Prior art also indicates a preference for either internal or external reforming for fuel cell based systems using non-pure hydrogen fuels. External reforming occurs when the fuel is reformed to synthesis gas external to the stack. Internal reforming occurs when the fuel is reformed within the stack, often at or very close to the fuel cell anode. There are advantages and disadvantages with each method, with a common argument for internal reforming is that it is easier, results in a system with less parts and higher efficiency. Those practiced in the art know that full internal reforming requires considerable energy to be used in the reforming process, and that there is a chemical and thermal energy trade off to be made along with a control system requirement to enable the use of internal reforming to be effective. Internal reforming brings fuel cell material selection, integration and system control challenges for start-up, dynamic operation and shut down.
Other prior art includes U.S. Pat. No. 5,340,664, GB2405028, U.S. Pat. Nos. 4,374,184, 4,454,207 and US 2001/0010873.

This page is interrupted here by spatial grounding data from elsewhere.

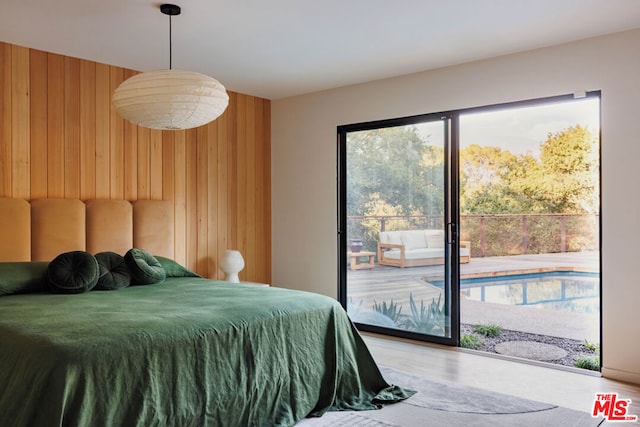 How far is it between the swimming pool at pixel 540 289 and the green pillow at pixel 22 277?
170 inches

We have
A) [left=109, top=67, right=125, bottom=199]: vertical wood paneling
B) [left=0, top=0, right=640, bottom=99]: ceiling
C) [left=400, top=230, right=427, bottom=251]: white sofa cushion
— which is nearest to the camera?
[left=0, top=0, right=640, bottom=99]: ceiling

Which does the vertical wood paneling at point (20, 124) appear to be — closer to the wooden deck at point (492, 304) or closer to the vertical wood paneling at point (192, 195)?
the vertical wood paneling at point (192, 195)

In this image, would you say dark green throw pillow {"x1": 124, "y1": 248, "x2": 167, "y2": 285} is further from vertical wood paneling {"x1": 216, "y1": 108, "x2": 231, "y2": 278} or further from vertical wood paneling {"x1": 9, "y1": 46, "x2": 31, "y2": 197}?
vertical wood paneling {"x1": 216, "y1": 108, "x2": 231, "y2": 278}

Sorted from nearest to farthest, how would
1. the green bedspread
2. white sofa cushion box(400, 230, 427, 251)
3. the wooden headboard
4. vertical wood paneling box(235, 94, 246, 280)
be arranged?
the green bedspread, the wooden headboard, white sofa cushion box(400, 230, 427, 251), vertical wood paneling box(235, 94, 246, 280)

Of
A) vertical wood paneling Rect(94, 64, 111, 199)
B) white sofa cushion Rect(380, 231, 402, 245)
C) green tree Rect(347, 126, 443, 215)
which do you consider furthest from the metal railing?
vertical wood paneling Rect(94, 64, 111, 199)

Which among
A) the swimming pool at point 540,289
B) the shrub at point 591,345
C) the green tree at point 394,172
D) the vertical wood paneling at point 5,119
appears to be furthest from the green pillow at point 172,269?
the shrub at point 591,345

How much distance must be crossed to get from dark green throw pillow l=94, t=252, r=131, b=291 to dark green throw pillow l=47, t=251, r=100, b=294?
70mm

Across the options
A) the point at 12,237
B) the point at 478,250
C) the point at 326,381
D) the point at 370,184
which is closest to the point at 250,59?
the point at 370,184

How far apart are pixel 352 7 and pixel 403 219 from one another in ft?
7.04

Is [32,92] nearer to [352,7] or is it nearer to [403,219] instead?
[352,7]

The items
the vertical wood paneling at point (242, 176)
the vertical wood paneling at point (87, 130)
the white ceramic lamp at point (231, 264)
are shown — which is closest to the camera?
the vertical wood paneling at point (87, 130)

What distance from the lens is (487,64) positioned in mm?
4160

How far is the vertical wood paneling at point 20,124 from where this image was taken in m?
3.75

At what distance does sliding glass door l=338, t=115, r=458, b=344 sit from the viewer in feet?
14.7
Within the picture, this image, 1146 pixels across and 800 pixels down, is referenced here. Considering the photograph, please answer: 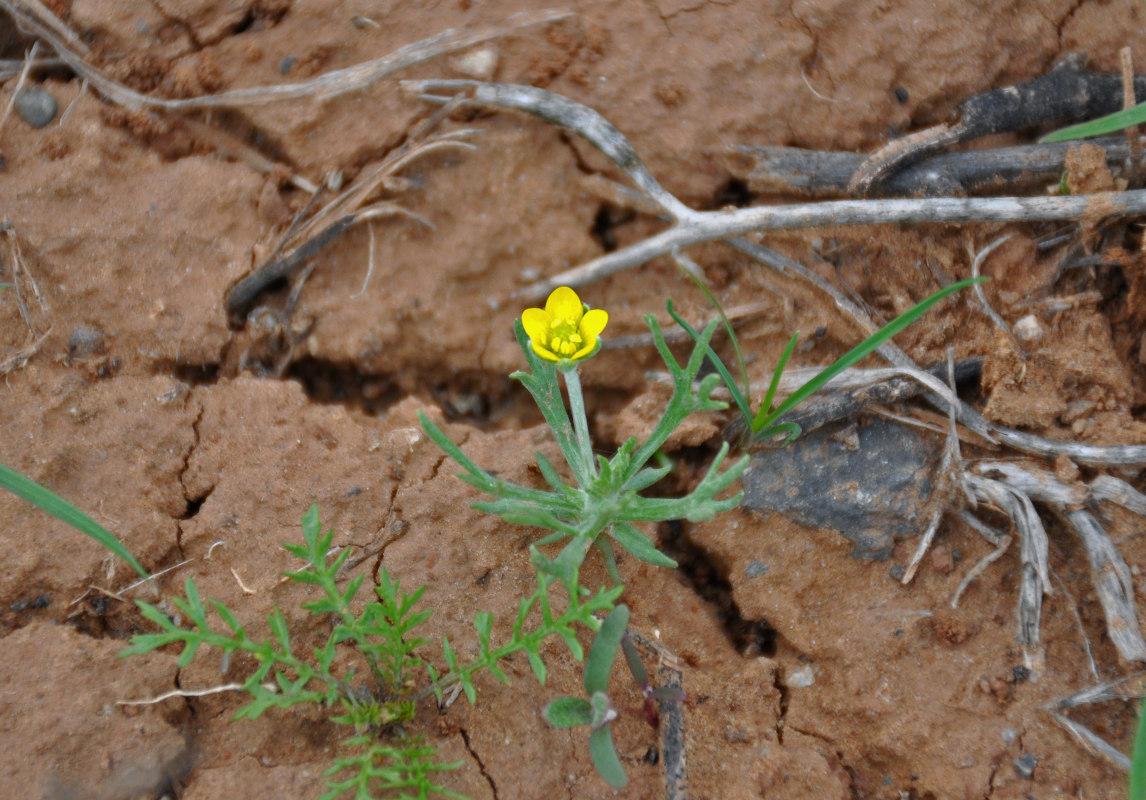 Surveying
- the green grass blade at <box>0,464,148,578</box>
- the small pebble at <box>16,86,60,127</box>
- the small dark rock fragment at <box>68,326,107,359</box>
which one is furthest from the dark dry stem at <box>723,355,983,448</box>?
the small pebble at <box>16,86,60,127</box>

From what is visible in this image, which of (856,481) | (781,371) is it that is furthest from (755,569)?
(781,371)

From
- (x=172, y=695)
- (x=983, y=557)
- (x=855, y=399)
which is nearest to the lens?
(x=172, y=695)

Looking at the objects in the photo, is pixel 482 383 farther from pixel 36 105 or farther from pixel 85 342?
pixel 36 105

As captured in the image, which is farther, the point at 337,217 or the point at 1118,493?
the point at 337,217

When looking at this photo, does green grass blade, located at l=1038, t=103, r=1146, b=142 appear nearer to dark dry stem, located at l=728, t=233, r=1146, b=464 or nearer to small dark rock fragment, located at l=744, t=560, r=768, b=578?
dark dry stem, located at l=728, t=233, r=1146, b=464

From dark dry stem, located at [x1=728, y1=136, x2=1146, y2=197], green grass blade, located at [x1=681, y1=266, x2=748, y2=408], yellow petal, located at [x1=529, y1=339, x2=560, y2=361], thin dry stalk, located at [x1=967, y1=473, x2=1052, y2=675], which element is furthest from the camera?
dark dry stem, located at [x1=728, y1=136, x2=1146, y2=197]

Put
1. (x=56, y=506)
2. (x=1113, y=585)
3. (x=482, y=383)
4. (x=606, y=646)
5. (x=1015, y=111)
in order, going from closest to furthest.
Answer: (x=606, y=646), (x=56, y=506), (x=1113, y=585), (x=1015, y=111), (x=482, y=383)

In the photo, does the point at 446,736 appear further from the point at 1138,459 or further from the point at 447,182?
the point at 1138,459

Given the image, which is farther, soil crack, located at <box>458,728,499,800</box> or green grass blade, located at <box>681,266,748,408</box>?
green grass blade, located at <box>681,266,748,408</box> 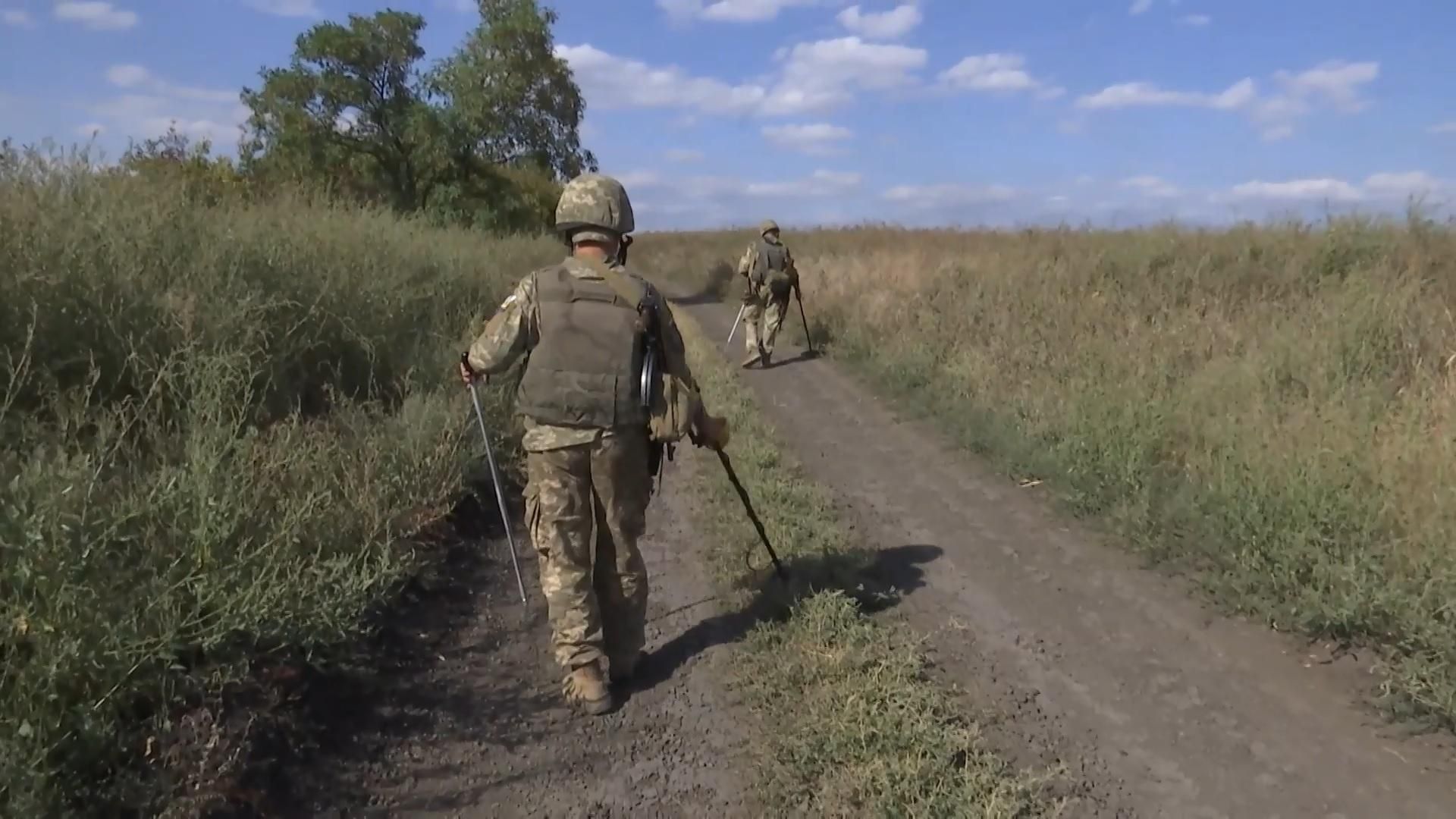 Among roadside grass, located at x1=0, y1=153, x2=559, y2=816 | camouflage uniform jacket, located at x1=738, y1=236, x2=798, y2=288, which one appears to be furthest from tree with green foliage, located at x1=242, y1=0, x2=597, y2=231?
roadside grass, located at x1=0, y1=153, x2=559, y2=816

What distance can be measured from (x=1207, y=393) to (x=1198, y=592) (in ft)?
8.74

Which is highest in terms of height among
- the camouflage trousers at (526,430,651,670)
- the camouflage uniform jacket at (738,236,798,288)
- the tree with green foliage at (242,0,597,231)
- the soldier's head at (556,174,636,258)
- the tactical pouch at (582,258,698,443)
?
the tree with green foliage at (242,0,597,231)

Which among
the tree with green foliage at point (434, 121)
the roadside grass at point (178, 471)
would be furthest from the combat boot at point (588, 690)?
the tree with green foliage at point (434, 121)

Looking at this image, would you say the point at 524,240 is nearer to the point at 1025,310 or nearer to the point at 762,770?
the point at 1025,310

Using an external CPOX reformer is not without its limitations. Not only does the resulting reformate stream become more dilute with the presence of nitrogen coming from the air supplied to the reformer, but there is always a risk of downstream reformer carbon deposition when the temperature drops below 700° C., e.g. within an intermediate-temperature fuel cell stack.
Likewise, the use of a WGS reactor, as its name suggests, requires the supply of water to the reaction site so that the carbon monoxide and water can be shifted to carbon dioxide and hydrogen.